A man who acted as an accomplice to a 2011 murder in Ditmas Park will spend 18 years in prison, after a federal judge sentenced the 27-year-old on Dec. 6.
Judge Jed Rakoff handed down the 216-month punishment to Michael Mazur for acting as the lookout during the murder of Joshua Rubin on Oct. 31, 2011 — a case that remained cold for years, and shocked the neighborhood where the victim was a widley-known as a beloved small business owner.
Mazur had pled guilty to one count of Hobbs Act robbery, which implicated him in the murder.
According to prosecutors, the Halloween-night mayhem began when Mazur, along with defendants Gary Robles and Kevin Taylor, plotted to rob Rubin of a pound of marijuana, which he had been selling to help pay for his business, the Whisk Bakery Cafe on Newkirk Avenue.
The trio led Rubin to an apartment under the guise of purchasing weed, but, once he arrived, Taylor and Robles brandished a firearm and demanded the victim hand over the drugs. When he refused, the pair shot Rubin — while Mazur waited outside as a getaway driver, according to investigators.
The defendants then drove out to rural Pennsylvania with Rubin’s body, where they dumped him in a garbage can and set him on fire. Rubin’s body was so disfigured that he was not identified until December of that year.
The case shocked Brooklyn and remained cold for years, until federal agents arrested the three suspects in 2020.
Both Taylor and Robles are awaiting sentencing in this case.
Mazur had over 200 pounds of marijuana in his home at the time of his arrest, making him ineligible for bail.

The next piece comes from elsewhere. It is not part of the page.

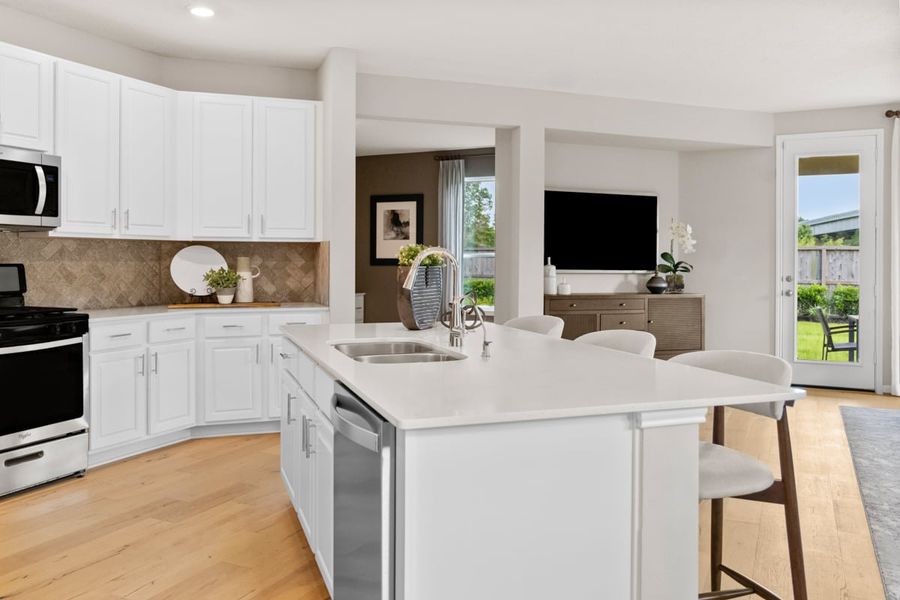 Furnished interior view inside a new home in Mustang Ridge, Magnolia (Image 4).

“Michael Mazur participated in the robbery that led to the murder of Joshua Rubin, and then he and his codefendants put Rubin’s body in the trunk of a car, drove it to Pennsylvania, dumped it in a garbage can, and set it afire to cover up the crime,” said United States Attorney Damian Williams. “Thanks to our law enforcement partners and the Special Agents of my Office, Mazur will now serve a lengthy prison sentence for his callous crime.”